The Becton Office Fund No. 2 has refinanced $115 million of debt facilities with the Commonwealth Bank which has been extended to December 31 2009 from April 30 2009. The short-term debt extension allows fund investors to vote on a revised medium-term strategy at a meeting due to be held in or before August 2009.
Finally the Becton Development Fund No. 1 has refinanced a $13 million facility with St. George Bank which was due on March 31 and has been extended to September 30. The short term extension is intended to allow the fund to repay the debt facility in full at or prior to maturity from surplus proceeds following settlement of the fund’s 100% pre-sold projects at One East Melbourne and Treasury Residences (both projects due to begin settling in May / June 2009).

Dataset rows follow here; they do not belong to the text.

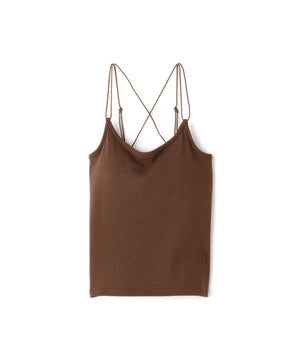 0a6840ff-8faa-578c-b994-e510a9cbd0e7_Image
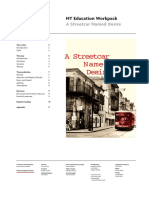 Streetcar-Named-Desire-workpack.pdf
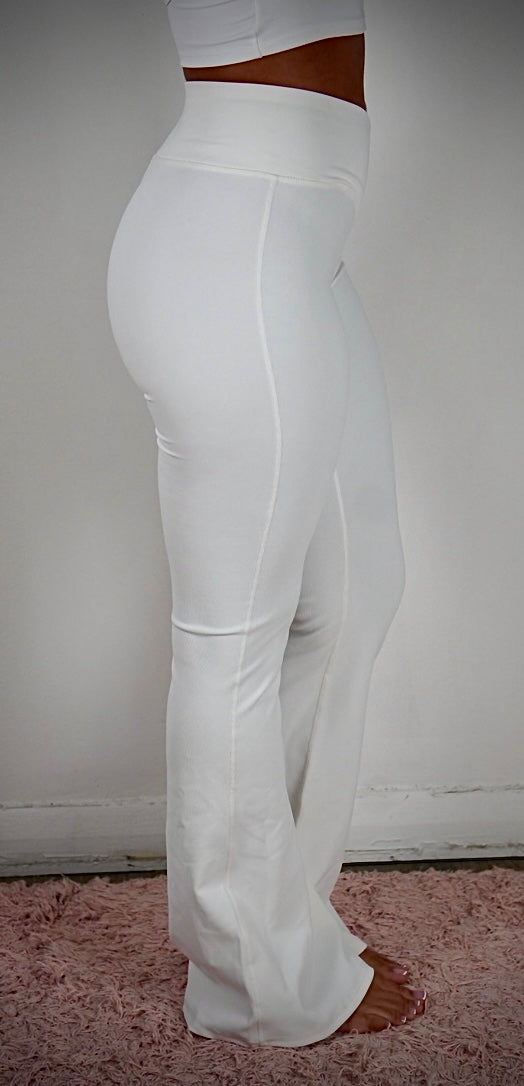 Leggins Naw Casual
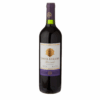 Santa Helena Vinho Reservado Carmenere 750Ml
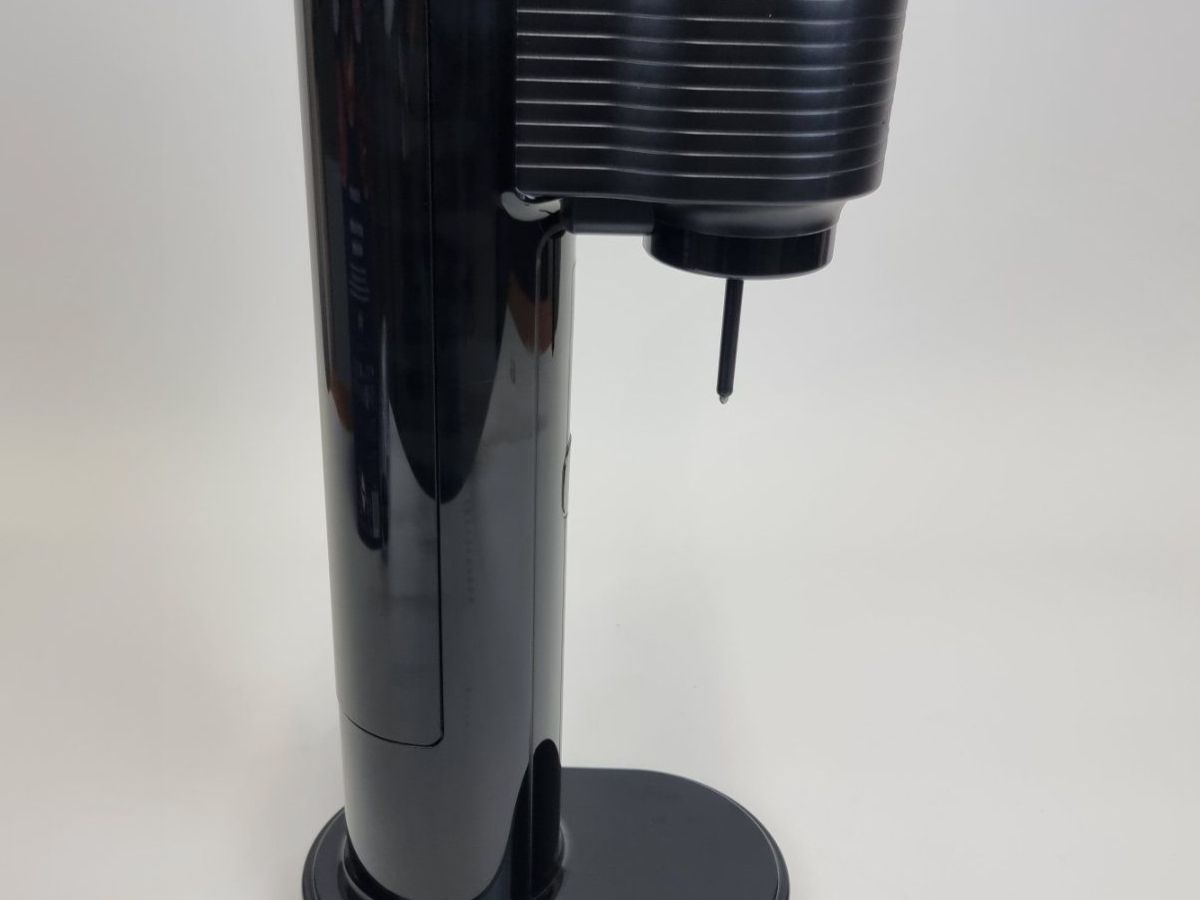 Sodastream Elettrodomestici da cucina: SodaStream Gaia – Usato da Urtenen-Schönbühl venduto da Restwert_Schoenbuehl 4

Becton’s chief executive Matthew Chun said the re-financings comprise more than 85% of the debt maturing within Becton’s managed funds prior to June 2009.
“This announcement heralds another significant step forward for Becton and underscores the strong relationships we have in place with our banks
“We continue to do everything we can to proactively manage our way through the cycle and position the business for the future,” he continued.
He added that the company’s is in advanced discussions to refinance a $22 million facility within the Becton Southlands Boulevarde Property Trust with Westpac; $55 million within the Becton Office Fund No. 1 with Westpac; $10 million within the Becton 226 Greenhill Property Trust with BankWest; and 4. $86 million within the Becton Retail Fund with Westpac.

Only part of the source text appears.